MessageFormat is a much more advanced concept that can deal with multiple pluralizations per string, genders, cases and much more. The downside is that it would not fit into our process and many tools do not support it either. For instance you cannot currently feed MessageFormat strings into Transifex. Because our goal is collaboration, the inability to feed use our existing tools and community was a non-starter.

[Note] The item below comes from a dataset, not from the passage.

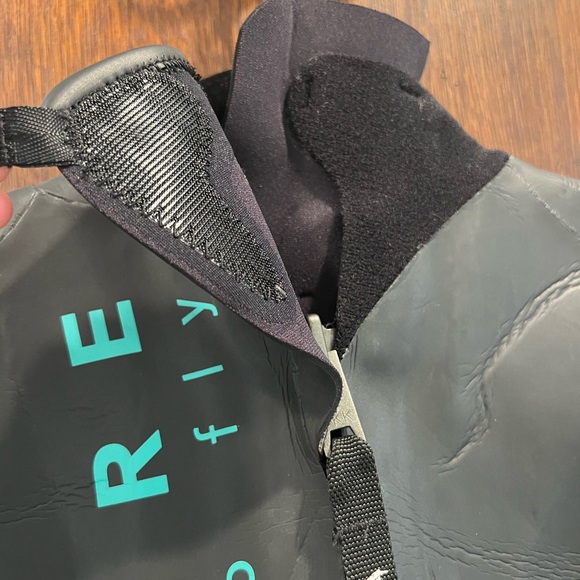 V2 WOMENS VOLARE TRIATHLON WETSUIT, Surfing, Diving, Versatile Womans Wetsuit - Picture 12 of 15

To understand the complexity behind message format, look at this example from the official documentation:

"{gender_of_host, select, " "female {" "{num_guests, plural, offset:1 " "=0 {{host} does not give a party.}" "=1 {{host} invites {guest} to her party.}" "=2 {{host} invites {guest} and one other person to her party.}" "other {{host} invites {guest} and # other people to her party.}}}" "male {" "{num_guests, plural, offset:1 " "=0 {{host} does not give a party.}" "=1 {{host} invites {guest} to his party.}" "=2 {{host} invites {guest} and one other person to his party.}" "other {{host} invites {guest} and # other people to his party.}}}" "other {" "{num_guests, plural, offset:1 " "=0 {{host} does not give a party.}" "=1 {{host} invites {guest} to their party.}" "=2 {{host} invites {guest} and one other person to their party.}" "other {{host} invites {guest} and # other people to their party.}}}}"

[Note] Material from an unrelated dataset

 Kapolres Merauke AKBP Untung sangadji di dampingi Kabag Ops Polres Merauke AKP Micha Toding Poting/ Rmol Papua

So because we cannot use MessageFormat, we need to match the client and server behavior of gettext. On the server we already are married to Python string formats. Not the new type, but the old type. This means that strings currently look like %(this)s . Thankfully there are implementations for exactly this formatting syntax for JavaScript in npm. In particular we ended up using sprintf-js. For invoking gettext with the right pluralization forms chose Jed.

Complex UI Interactions

The basic gettext calls get us quite far in regards to translating basic strings. Unfortunately the problem is a lot more complex than that in React land. As an example when you need to include a link in a translatable string. On the server we could just include the HTML as a variable in the string like so:

gettext('Click < a href = " %(link)s " > here </ a > ') % { 'link': url_for('.activation_link') }

So how do we do this in React? Our solution is a component-aware helper:

< p > < small > {tct('Already have things setup? [link:Get your DSN].', { link: < a onClick = { this . toggleDsn } /> })} </ small > </ p >

tct here is our marker function. It stands for ”translate component template” and the string passed is the component template. The syntax is very simple: brackets enclose components, the name of the component and it’s content are separated by a colon. So in the example above link is the name of the component and Get your DSN is the content. The components are then provided separately and modified appropriately.

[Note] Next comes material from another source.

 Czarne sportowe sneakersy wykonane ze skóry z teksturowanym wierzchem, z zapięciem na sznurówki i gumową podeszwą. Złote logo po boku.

In addition to that our basic gettext function can also accept React components as placeholders in addition to basic values. Whenever we detect that any of the arguments to the format string is actually a react component we switch our handling over to a system that can produce an array of elements for react. This means that it’s completely valid to do this:

return t ( '%(author)s assigned this event to %(assignee)s' , { author : < Author value = { author } / > , assignee : < em > { assignee . email } < / em > } ) ;

Identifying Unmarked Translations

It’s very easy to miss translations so we wanted to have a method to visualize the translations within the UI. Because we already have a lot of stuff rendered directly into react elements we decided that we could just return react components from the translation function instead of a string. In that case we can easily style them with bright colors so that it’s absolutely clear that an element is translated.